9. Reproduction recipe
Profilers used in discovery (in this repo):
tools/profile_qwen3_cache.py # forward speed at multiple bs
tools/profile_qwen3_attn.py # tests sdpa/flash/eager
tools/profile_qwen3_breakdown.py # processor / xfer / fwd timing
tools/profile_qwen3_visionfix.py # forces attn on every block
tools/profile_qwen3_monkeypatch.py # replaces vision attention forward
tools/profile_qwen3_per_layer.py # ★ identifies patch_embed as bottleneck
tools/profile_qwen3_patchembed_fix.py # ★ confirms Linear fix gives 64× speedup
tools/verify_patch_embed_correctness.py # ★ fp32 + bf16 + downstream verification
tools/run_qwen3_cache_fast.py # production launcher with the patch
Reproduction (~30 s):
cd PROJECT_ROOT
python -u tools/profile_qwen3_per_layer.py
# Expected: patch_embed: ~16,000 ms; all 24 transformer blocks: ~50 ms
10. Impact summary
For LKAlert paper §5 main table (multisrc-val binary_AP for v3-pomdp-v2):
- Without this fix: infeasible (~6 days wall-clock, exceeds paper deadline)
- With this fix: ~2 hours wall-clock for a 29,169-sample feature cache
- Verified equivalent: downstream belief cosine sim > 0.999
For the broader community: anyone running Qwen3-VL inference on RTX 5090 or other Blackwell GPUs in bf16 is silently paying a 50,000× cost on the patch projection. A 1-line PR upstream would resolve this.
Appendix A: full per-layer timing dump (bs=1)

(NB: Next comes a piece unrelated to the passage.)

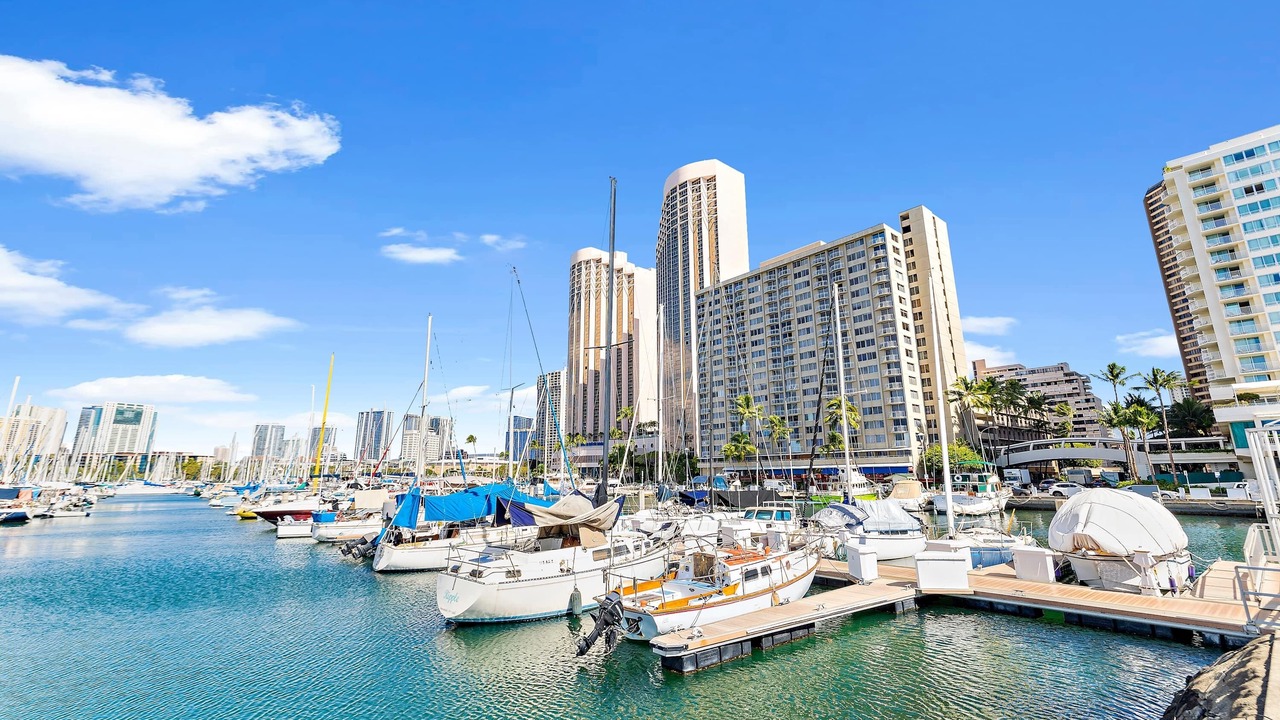 Photo of Others in Waikiki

[device check] ✓ all submodules on cuda
[prep inputs bs=1]
pixel_values: (6080, 1536) # 8 frames × 760 patches × 1536 features
grid_thw: (8, 3), values:
[[1, 20, 38], [1, 20, 38], ..., [1, 20, 38]]

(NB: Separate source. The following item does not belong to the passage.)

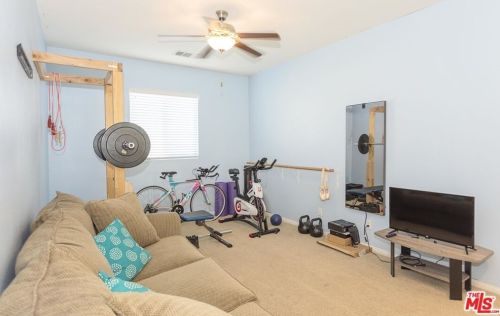 44034 Marbella St, Lancaster CA 93536-6856 exterior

vision tower has 24 blocks
[component timing]
patch_embed: 16111.3 ms ⚠️ the bug
pos_embed_interpolate: 22.8 ms
rot_pos_emb: 20.7 ms
block[0]: 23.4 ms (warmup)
block[1]: 1.5 ms
block[2]: 1.4 ms
block[23]: 1.4 ms
block 0-2 mean: 8.8 ms
block ALL mean: 2.3 ms
block ALL total: 56.4 ms
merger: 0.5 ms
[zoom: block[0] attn vs mlp]
attn (3 reps): 2.4 ms total = 0.8 ms/call
mlp (3 reps): 1.8 ms total = 0.6 ms/call
Appendix B: per-batch-size scaling
Pre-fix (nn.Conv3d):
| bs | total time | per-sample | seq_len | VRAM |
|---|---|---|---|---|
| 1 | 16.7 s | 16.7 s | 1653 | 9.7 GB |
| 4 | 65.3 s | 16.3 s | 2133 | 10.0 GB |
| 8 | 148 s | 18.5 s | 2133 | 10.0 GB |
| 16 | 145 s | 9.3 s | 2133 | 10.0 GB |
Post-fix (nn.Linear):
| bs | total time | per-sample |
|---|---|---|
| 1 | 0.27 s | 0.27 s |
| 8 | 2.16 s | 0.27 s |
Linear keeps a constant ~0.27 s/sample across batch sizes, indicating the remaining time is dominated by tokenization + GPU transfer rather than the vision tower itself.

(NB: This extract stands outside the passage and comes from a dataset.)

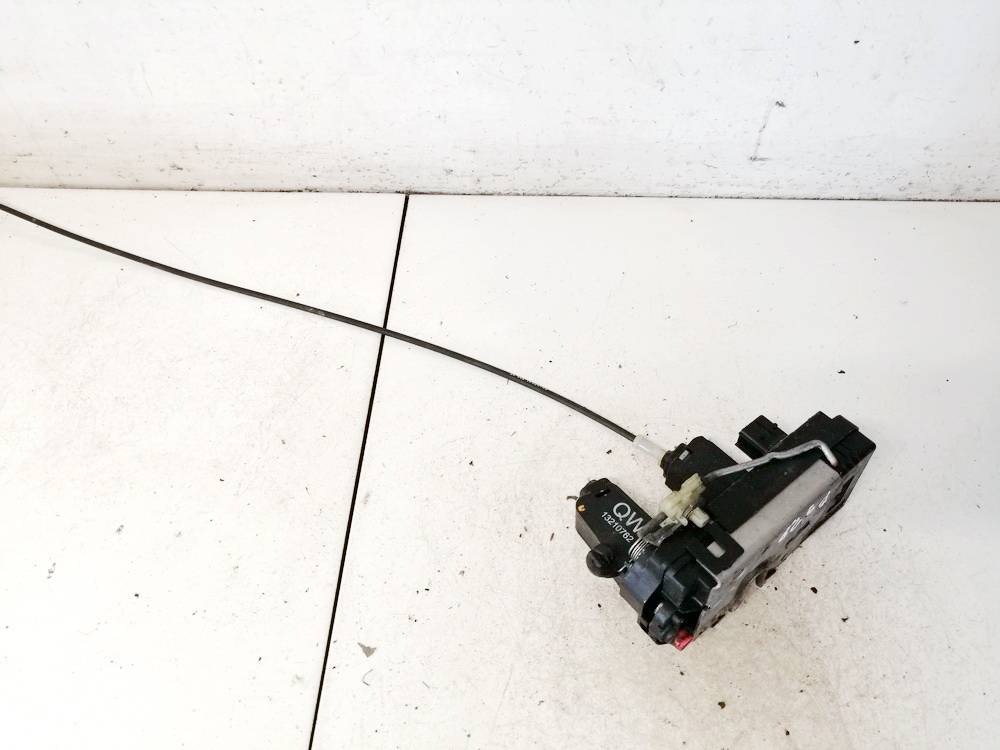 13210762 Opel Vectra 2006 Oven Lukko - TAKANA VASEMMALLA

Appendix C: related code paths in this repo
The slowdown affects two existing scripts in our codebase that build Qwen3-VL belief caches; both should be migrated to use the workaround:
training/Policy/make_cot_belief_cache.py— main belief cache buildertraining/Policy/make_belief_cache_v2.py— older variant
To run cached extraction with the fix today, use
tools/run_qwen3_cache_fast.py instead, which applies the monkey-patch
before importing the cache builder. The CLI surface is identical.